Few commodities can attest to holding the sort of cultural cachet that cigarettes do. Once heralded as among the most definitively “cool” status symbols in Western media and print, smoking’s ultimate descent is interesting in terms of being a public health issue in conflict with conventions of fashion and image. The latest efforts to prevent smoking altogether is Truth, a campaign targeted specifically at young people in an attempt to cut back on teen smoking. The campaign boasts huge progress, claiming that this last year only 9 percent of teens smoked, as opposed to 23 percent 14 years ago. Using the mantra #FinishIT, the goal is to eliminate teen smoking altogether.
Sleek and colorful, Truth’s Web site offers information about the history of Big Tobacco, including methods of advertising or production layered with facts about the dangers of tobacco for health. Periodically updated, this table of numbered facts occupy most of the screen in little tan boxes, offering search functions such as death, race and women. A tab labeled “About truth” is presumably the movement’s mission statement: “We are here to empower, not to judge.” At the top is a series of other mottos and statistics regarding the fight against teen smoking, punctuated by young, stylish people partying, running or simply looking snappy and cool.
The irony of this movement comes from the method of fighting Big Tobacco. The most popular campaigns to fight smoking have urged teens not to give into peer pressure and ignore those who would try and make smoking appear stylish or necessary as a status symbol. While the merit of this rhetoric is debatable, the sentiment is generally positive, encouraging young people to think and act as individuals.
The #FinishIT movement utilizes the same tactic, but instead of demonizing peer pressure, it actively uses it as a tool to fight teen smoking. While stating that judgment is not the goal of the cause, much of the information on the Web site and the things readers are encouraged to do actively serve the goal of ostracizing smokers.

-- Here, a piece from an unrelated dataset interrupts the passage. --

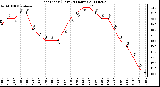 Milwaukee Weather Heat Index (Last 24 Hours)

One example is the poll function, with user feedback, which says that “almost 80% of us didn’t kiss a smoker last month. We’ll pucker up to that.” While the fight against teen smoking is a noble cause, statements like this simply serve to antagonize smokers while depicting them as less worthy human beings.

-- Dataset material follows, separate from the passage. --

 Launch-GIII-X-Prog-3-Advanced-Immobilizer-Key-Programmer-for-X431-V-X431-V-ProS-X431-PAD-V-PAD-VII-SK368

In a social media move similar to that of the recent “It’s On Us” movement at St. Olaf, proponents of the anti-smoking cause are encouraged to superimpose an orange X design over their social media profile pictures to show solidarity in the cause. While including on the website that the cause “loves smokers” and that the movement is not about “leaving them out,” this activity seems to fairly clearly reinforce exclusivity among participants while emphasizing peer pressure. If this sort of activity can gain any sort of traction online, the pressure to undergo such a simple task to change your online persona grows and grows. Although not intrinsically bad, this tactic is manipulative and asks individuals to support the cause simply because others already do, rather for its own merit.

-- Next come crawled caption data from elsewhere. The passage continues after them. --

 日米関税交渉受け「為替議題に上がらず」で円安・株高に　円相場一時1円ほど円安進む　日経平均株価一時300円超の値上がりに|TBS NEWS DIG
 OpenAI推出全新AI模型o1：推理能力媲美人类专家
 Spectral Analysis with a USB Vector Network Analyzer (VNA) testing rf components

If left unchecked, tactics for good can begin to use methods that work against their causes. In the case of this campaign and those like it, it is valuable to take a step back and look at not only the message being spread but the ways in which it is delivered to the people. It is a great victory that teen smoking is on the decline and I will celebrate the day it drops to zero, but until then, it is important to remember that smoking is the issue, and vilifying smokers isn’t a positive solution.